The movement of data from one place to another is one of the oldest and often, most difficult information technology activities. Add a transformation element, the classic ETL task, and things can become complex.
On Azure, there are primarily two, platform native ways to perform data movement. One method is to use Azure Data Factory, a purpose-built service designed to address the need for a reliable, relatively simple ETL service and Azure Synapse Analytics which offers a pipeline component as a part of the overall suite.
Let’s start with Azure Data Factory (or ADF) which is described by Microsoft as:
“[a] cloud-based ETL and data integration service that allows you to create data-driven workflows for orchestrating data movement and transforming data at scale. Using Azure Data Factory, you can create and schedule data-driven workflows (called pipelines) that can ingest data from disparate data stores. You can build complex ETL processes that transform data visually with data flows or by using compute services such as Azure HDInsight Hadoop, Azure Databricks, and Azure SQL Database.”
Below, let’s explore the two ADF deployment scenarios from a cost perspective.
ADF Data Factory Pipeline
In the above, an ADF data factory pipeline is used (the other option is a SQL Server Integration Services pipeline, which we’ll cover next). This is a service that does not utilize a SQL runtime. The cost profile is very low (in the example shown above, the monthly runtime is 3.55 USD per month) and the service does not generate cost when no pipelines are running.
The second ADF pipeline option utilizes SQL Server Integration:
Note that the use of SQL Integration Services (necessary in scenarios requiring SQL compatible data movement using SSIS) incurs a much larger monthly runtime cost. With Azure Hybrid Benefit the monthly runtime as configured is 328.29 USD and without that benefit, almost twice that amount. This increase is caused by the use of a constantly running VM as process host.
It’s important to carefully choose a service based on requirements. Unnecessary costs can quickly mount if you select a more robust pipeline than needed.
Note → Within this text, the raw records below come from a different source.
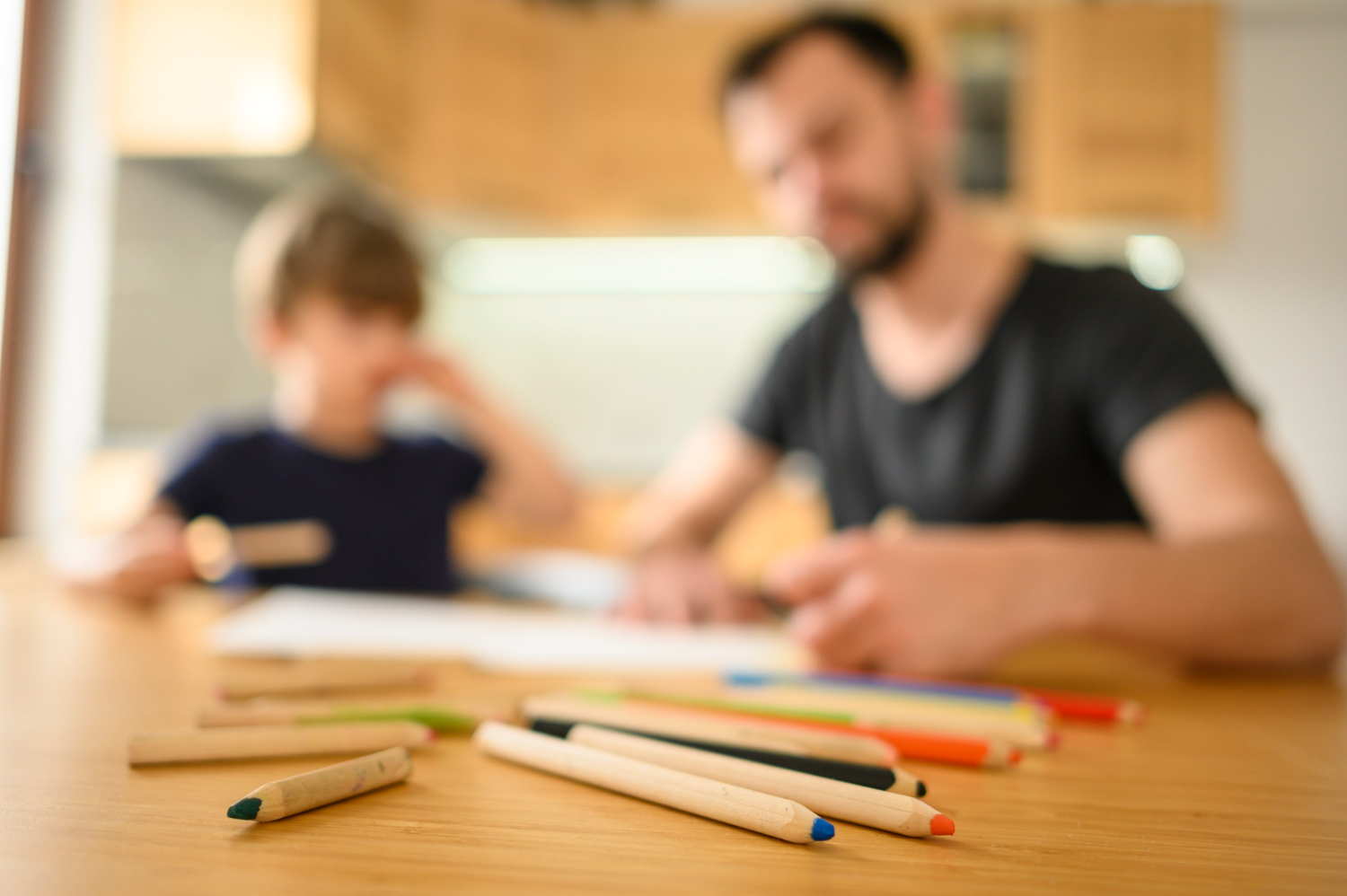 Uloga roditelja u obrazovanju: Kako biti podrška, a ne pritisak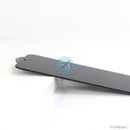 Cường lực IPHONE 12 6.1 / 12 PRO 6.1 KINGKONG chống nhìn trộm không hộp WTP-012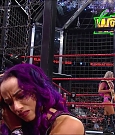 WWE_Elimination_Chamber_2018_PPV_720p_WEB_h264-HEEL_mp4_002983347.jpg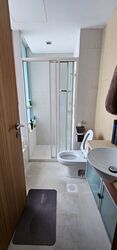 Kovan Melody (D19), Condominium #602481031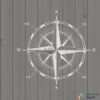 Tapeta 138976 Regatta Crew Esta Home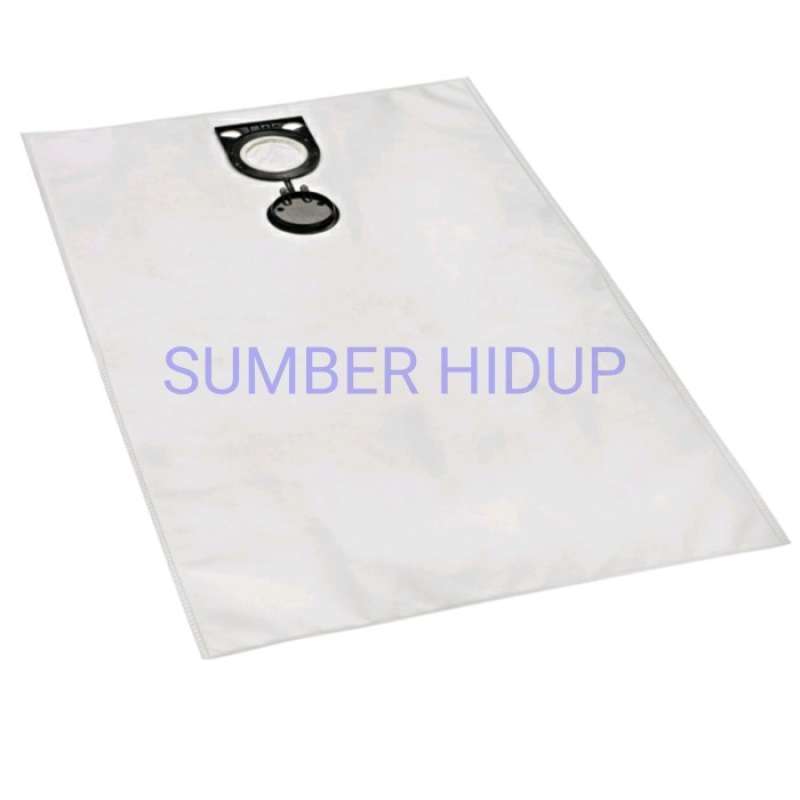 Jual Dust Bag For Bosch Gas50 Vacuum Cleaner Paper Dustbag Gas 50m 50 Di Seller Alfira Shop Tugu Selatan Kota Jakarta Utara Blibli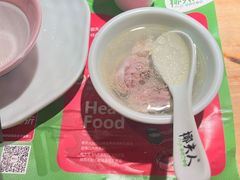 -椰夫人·养生椰子鸡(黄埔时代城店)
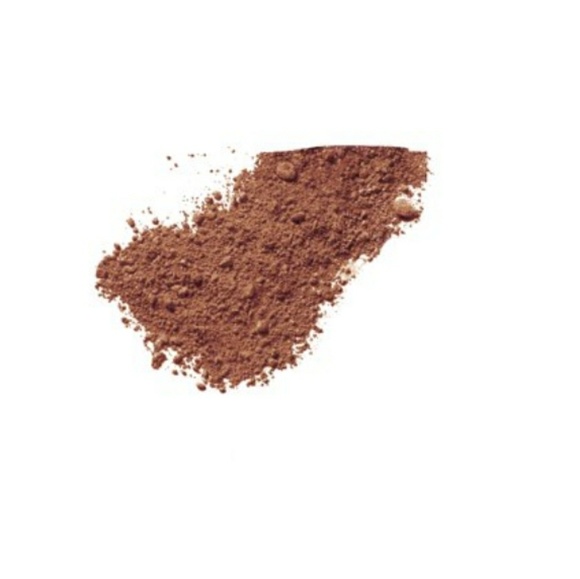 L'Oréal True Match Mineral Powder Foundation - Picture 3 of 4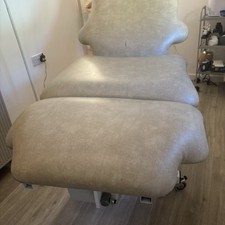 Electric beauty therapy for sale  LYDNEY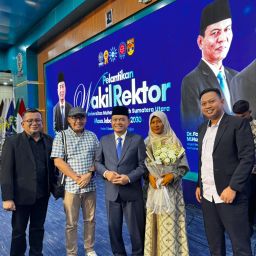 macan sejahtera cahaya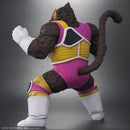Dragon Ball Z Plex Dragon Ball Arise Great Ape Fasha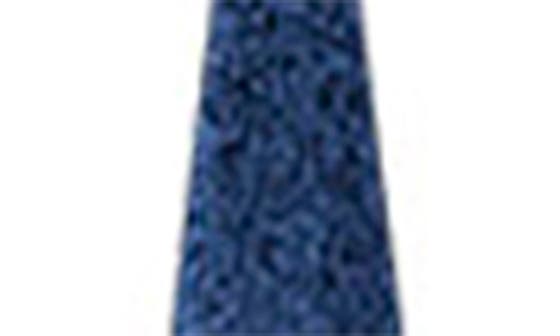 03 BLUE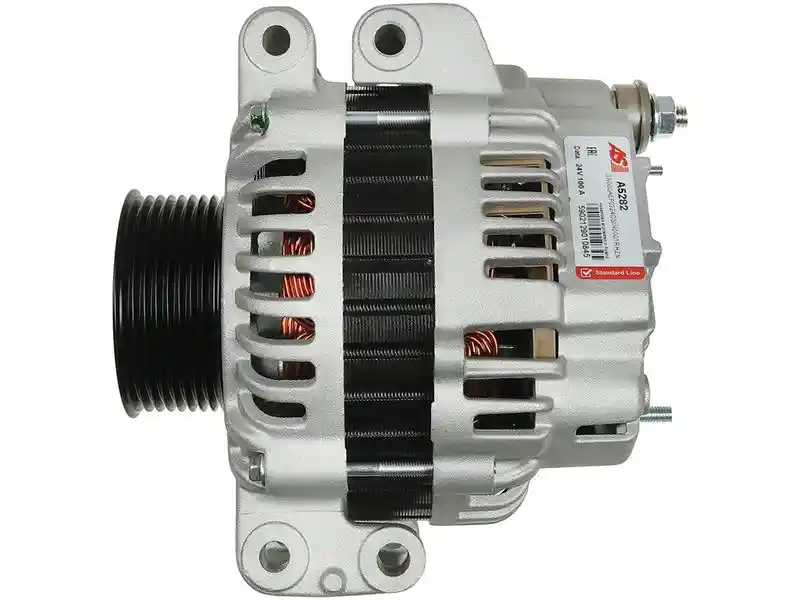AS-PL A5282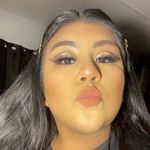 Nancy Palma - @nancypalma35 - Instagram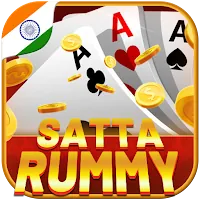 Rummy satta APK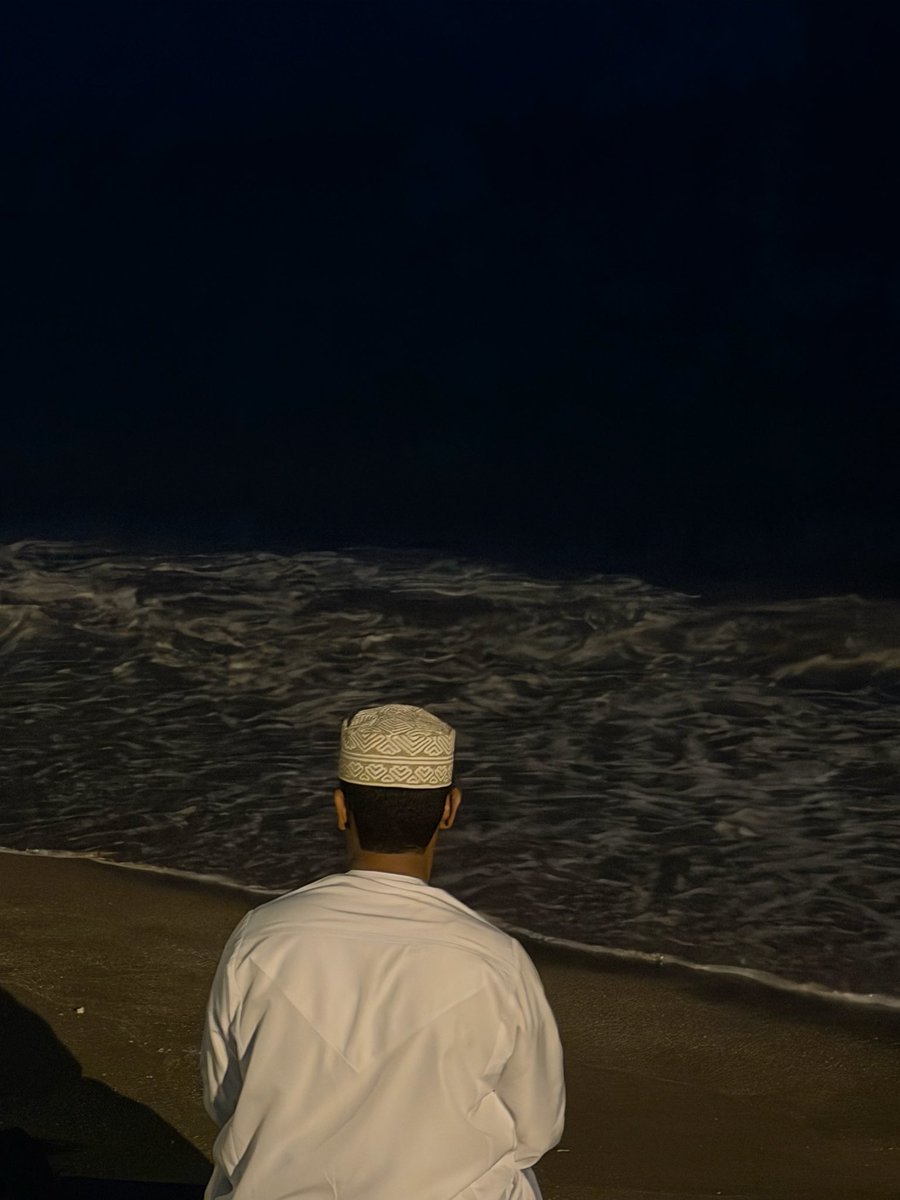 وَرْد✨ tweet media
Now let’s take a look at Azure Synapse Pipelines.
Azure Synapse Analytics
Microsoft describes Azure Synapse Analytics like this:
“Azure Synapse is an enterprise analytics service that accelerates time to insight across data warehouses and big data systems. Azure Synapse brings together the best of SQL technologies used in enterprise data warehousing, Spark technologies used for big data, Data Explorer for log and time series analytics, Pipelines for data integration and ETL/ELT, and deep integration with other Azure services such as Power BI, CosmosDB, and AzureML.“
Here’s an overview of Azure Synapses from a cost perspective:
Unlike ADF which is specifically offered as a pipeline, ETL service, Azure Synapse pipelines are a component of a larger suite. Considering the often quite high monthly runtime cost of a Synapse environment (typically in the thousands). Here’s a focused view of the pipeline element’s pricing:
Although it’s possible to create a reasonably low cost pipeline scenario (as shown above) it’s important to note that utilizing a data flow – which is standard – significantly increases the monthly runtime cost because of the use of a VM (the baseline configuration utilizes a 8Vcore VM that modifies the runtime to approximately 1,594 USD per month).
Azure Data Factory is a purpose built, specialized platform ETL service that, depending on your requirements, can be very cost effective. Azure Synapse Analytics is a sprawling data warehouse, analytics and machine learning suite which includes a data movement pipeline service as part of its tooling. If you don’t need Synapse, and can’t justify the cost, ADF is a solid choice. Synapse pipelines are well featured but, in my view, should be considered a part of your overall use of Synapse and not an element you use alone.